◆ Problem to work on
In full and without alteration, reproduce every record.

*** Given records ***

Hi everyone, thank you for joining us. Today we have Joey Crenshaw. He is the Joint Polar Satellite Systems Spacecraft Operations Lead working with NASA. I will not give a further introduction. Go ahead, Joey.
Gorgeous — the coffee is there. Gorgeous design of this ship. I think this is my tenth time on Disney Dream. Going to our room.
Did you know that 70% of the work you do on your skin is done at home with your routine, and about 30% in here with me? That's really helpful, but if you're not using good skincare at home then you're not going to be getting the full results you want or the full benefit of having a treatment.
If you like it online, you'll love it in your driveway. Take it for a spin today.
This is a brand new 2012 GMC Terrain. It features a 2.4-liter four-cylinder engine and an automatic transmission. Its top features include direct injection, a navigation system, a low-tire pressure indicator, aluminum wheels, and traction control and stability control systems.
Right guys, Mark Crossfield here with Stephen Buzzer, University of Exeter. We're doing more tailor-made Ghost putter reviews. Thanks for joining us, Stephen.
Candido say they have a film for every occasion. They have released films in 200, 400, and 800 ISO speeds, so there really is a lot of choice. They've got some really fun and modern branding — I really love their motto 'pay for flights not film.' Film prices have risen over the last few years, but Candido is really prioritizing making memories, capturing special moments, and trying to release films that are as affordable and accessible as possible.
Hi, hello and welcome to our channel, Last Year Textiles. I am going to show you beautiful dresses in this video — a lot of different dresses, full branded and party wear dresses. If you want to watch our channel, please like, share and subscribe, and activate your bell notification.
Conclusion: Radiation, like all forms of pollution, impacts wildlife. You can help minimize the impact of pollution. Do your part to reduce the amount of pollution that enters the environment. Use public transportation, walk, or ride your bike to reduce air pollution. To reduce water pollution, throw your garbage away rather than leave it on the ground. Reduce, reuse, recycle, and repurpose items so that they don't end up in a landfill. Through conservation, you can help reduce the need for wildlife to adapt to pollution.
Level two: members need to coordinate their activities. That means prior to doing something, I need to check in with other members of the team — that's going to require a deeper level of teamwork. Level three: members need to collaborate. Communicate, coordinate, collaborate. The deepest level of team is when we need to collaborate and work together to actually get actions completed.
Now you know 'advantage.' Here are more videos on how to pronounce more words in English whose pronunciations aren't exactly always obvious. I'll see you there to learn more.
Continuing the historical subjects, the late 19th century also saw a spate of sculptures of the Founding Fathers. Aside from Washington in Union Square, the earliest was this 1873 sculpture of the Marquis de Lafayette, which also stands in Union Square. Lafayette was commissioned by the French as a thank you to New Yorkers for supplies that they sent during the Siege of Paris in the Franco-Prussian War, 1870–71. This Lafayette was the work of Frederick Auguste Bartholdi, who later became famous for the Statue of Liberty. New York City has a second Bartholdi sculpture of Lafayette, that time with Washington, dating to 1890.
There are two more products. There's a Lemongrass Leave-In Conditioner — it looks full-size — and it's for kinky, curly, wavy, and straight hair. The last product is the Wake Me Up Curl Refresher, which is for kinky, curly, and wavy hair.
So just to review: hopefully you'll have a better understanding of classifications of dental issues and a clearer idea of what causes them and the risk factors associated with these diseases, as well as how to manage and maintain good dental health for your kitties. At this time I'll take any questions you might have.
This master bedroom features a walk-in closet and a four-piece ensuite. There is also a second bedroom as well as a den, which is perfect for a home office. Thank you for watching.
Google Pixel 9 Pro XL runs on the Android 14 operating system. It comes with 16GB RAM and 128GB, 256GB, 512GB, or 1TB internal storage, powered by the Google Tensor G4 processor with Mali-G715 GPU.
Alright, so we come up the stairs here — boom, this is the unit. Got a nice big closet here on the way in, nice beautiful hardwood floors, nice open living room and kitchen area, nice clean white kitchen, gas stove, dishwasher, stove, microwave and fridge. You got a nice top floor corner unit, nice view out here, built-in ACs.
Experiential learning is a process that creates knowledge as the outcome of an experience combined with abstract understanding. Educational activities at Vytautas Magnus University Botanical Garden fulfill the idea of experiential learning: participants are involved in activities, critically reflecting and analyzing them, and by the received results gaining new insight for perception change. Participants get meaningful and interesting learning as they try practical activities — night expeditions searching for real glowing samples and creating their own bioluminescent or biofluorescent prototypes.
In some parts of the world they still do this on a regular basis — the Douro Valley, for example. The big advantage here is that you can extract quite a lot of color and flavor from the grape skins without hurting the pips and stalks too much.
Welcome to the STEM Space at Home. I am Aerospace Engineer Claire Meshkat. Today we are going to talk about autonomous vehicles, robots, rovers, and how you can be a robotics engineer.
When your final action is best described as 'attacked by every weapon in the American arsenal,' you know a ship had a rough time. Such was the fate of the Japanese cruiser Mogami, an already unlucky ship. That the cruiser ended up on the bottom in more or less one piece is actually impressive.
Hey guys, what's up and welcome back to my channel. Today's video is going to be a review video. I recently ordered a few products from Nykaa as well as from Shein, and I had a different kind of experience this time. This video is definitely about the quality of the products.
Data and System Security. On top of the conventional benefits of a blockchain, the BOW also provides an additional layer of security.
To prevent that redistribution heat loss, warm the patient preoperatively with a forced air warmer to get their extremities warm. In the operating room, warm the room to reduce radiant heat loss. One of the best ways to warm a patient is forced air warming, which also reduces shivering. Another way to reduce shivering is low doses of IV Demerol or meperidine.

*** End of Given records ***

◆ Final answer
Hi everyone, thank you for joining us. Today we have Joey Crenshaw. He is the Joint Polar Satellite Systems Spacecraft Operations Lead working with NASA. I will not give a further introduction. Go ahead, Joey.
Gorgeous — the coffee is there. Gorgeous design of this ship. I think this is my tenth time on Disney Dream. Going to our room.
Did you know that 70% of the work you do on your skin is done at home with your routine, and about 30% in here with me? That's really helpful, but if you're not using good skincare at home then you're not going to be getting the full results you want or the full benefit of having a treatment.
If you like it online, you'll love it in your driveway. Take it for a spin today.
This is a brand new 2012 GMC Terrain. It features a 2.4-liter four-cylinder engine and an automatic transmission. Its top features include direct injection, a navigation system, a low-tire pressure indicator, aluminum wheels, and traction control and stability control systems.
Right guys, Mark Crossfield here with Stephen Buzzer, University of Exeter. We're doing more tailor-made Ghost putter reviews. Thanks for joining us, Stephen.
Candido say they have a film for every occasion. They have released films in 200, 400, and 800 ISO speeds, so there really is a lot of choice. They've got some really fun and modern branding — I really love their motto 'pay for flights not film.' Film prices have risen over the last few years, but Candido is really prioritizing making memories, capturing special moments, and trying to release films that are as affordable and accessible as possible.
Hi, hello and welcome to our channel, Last Year Textiles. I am going to show you beautiful dresses in this video — a lot of different dresses, full branded and party wear dresses. If you want to watch our channel, please like, share and subscribe, and activate your bell notification.
Conclusion: Radiation, like all forms of pollution, impacts wildlife. You can help minimize the impact of pollution. Do your part to reduce the amount of pollution that enters the environment. Use public transportation, walk, or ride your bike to reduce air pollution. To reduce water pollution, throw your garbage away rather than leave it on the ground. Reduce, reuse, recycle, and repurpose items so that they don't end up in a landfill. Through conservation, you can help reduce the need for wildlife to adapt to pollution.
Level two: members need to coordinate their activities. That means prior to doing something, I need to check in with other members of the team — that's going to require a deeper level of teamwork. Level three: members need to collaborate. Communicate, coordinate, collaborate. The deepest level of team is when we need to collaborate and work together to actually get actions completed.
Now you know 'advantage.' Here are more videos on how to pronounce more words in English whose pronunciations aren't exactly always obvious. I'll see you there to learn more.
Continuing the historical subjects, the late 19th century also saw a spate of sculptures of the Founding Fathers. Aside from Washington in Union Square, the earliest was this 1873 sculpture of the Marquis de Lafayette, which also stands in Union Square. Lafayette was commissioned by the French as a thank you to New Yorkers for supplies that they sent during the Siege of Paris in the Franco-Prussian War, 1870–71. This Lafayette was the work of Frederick Auguste Bartholdi, who later became famous for the Statue of Liberty. New York City has a second Bartholdi sculpture of Lafayette, that time with Washington, dating to 1890.
There are two more products. There's a Lemongrass Leave-In Conditioner — it looks full-size — and it's for kinky, curly, wavy, and straight hair. The last product is the Wake Me Up Curl Refresher, which is for kinky, curly, and wavy hair.
So just to review: hopefully you'll have a better understanding of classifications of dental issues and a clearer idea of what causes them and the risk factors associated with these diseases, as well as how to manage and maintain good dental health for your kitties. At this time I'll take any questions you might have.
This master bedroom features a walk-in closet and a four-piece ensuite. There is also a second bedroom as well as a den, which is perfect for a home office. Thank you for watching.
Google Pixel 9 Pro XL runs on the Android 14 operating system. It comes with 16GB RAM and 128GB, 256GB, 512GB, or 1TB internal storage, powered by the Google Tensor G4 processor with Mali-G715 GPU.
Alright, so we come up the stairs here — boom, this is the unit. Got a nice big closet here on the way in, nice beautiful hardwood floors, nice open living room and kitchen area, nice clean white kitchen, gas stove, dishwasher, stove, microwave and fridge. You got a nice top floor corner unit, nice view out here, built-in ACs.
Experiential learning is a process that creates knowledge as the outcome of an experience combined with abstract understanding. Educational activities at Vytautas Magnus University Botanical Garden fulfill the idea of experiential learning: participants are involved in activities, critically reflecting and analyzing them, and by the received results gaining new insight for perception change. Participants get meaningful and interesting learning as they try practical activities — night expeditions searching for real glowing samples and creating their own bioluminescent or biofluorescent prototypes.
In some parts of the world they still do this on a regular basis — the Douro Valley, for example. The big advantage here is that you can extract quite a lot of color and flavor from the grape skins without hurting the pips and stalks too much.
Welcome to the STEM Space at Home. I am Aerospace Engineer Claire Meshkat. Today we are going to talk about autonomous vehicles, robots, rovers, and how you can be a robotics engineer.
When your final action is best described as 'attacked by every weapon in the American arsenal,' you know a ship had a rough time. Such was the fate of the Japanese cruiser Mogami, an already unlucky ship. That the cruiser ended up on the bottom in more or less one piece is actually impressive.
Hey guys, what's up and welcome back to my channel. Today's video is going to be a review video. I recently ordered a few products from Nykaa as well as from Shein, and I had a different kind of experience this time. This video is definitely about the quality of the products.
Data and System Security. On top of the conventional benefits of a blockchain, the BOW also provides an additional layer of security.
To prevent that redistribution heat loss, warm the patient preoperatively with a forced air warmer to get their extremities warm. In the operating room, warm the room to reduce radiant heat loss. One of the best ways to warm a patient is forced air warming, which also reduces shivering. Another way to reduce shivering is low doses of IV Demerol or meperidine.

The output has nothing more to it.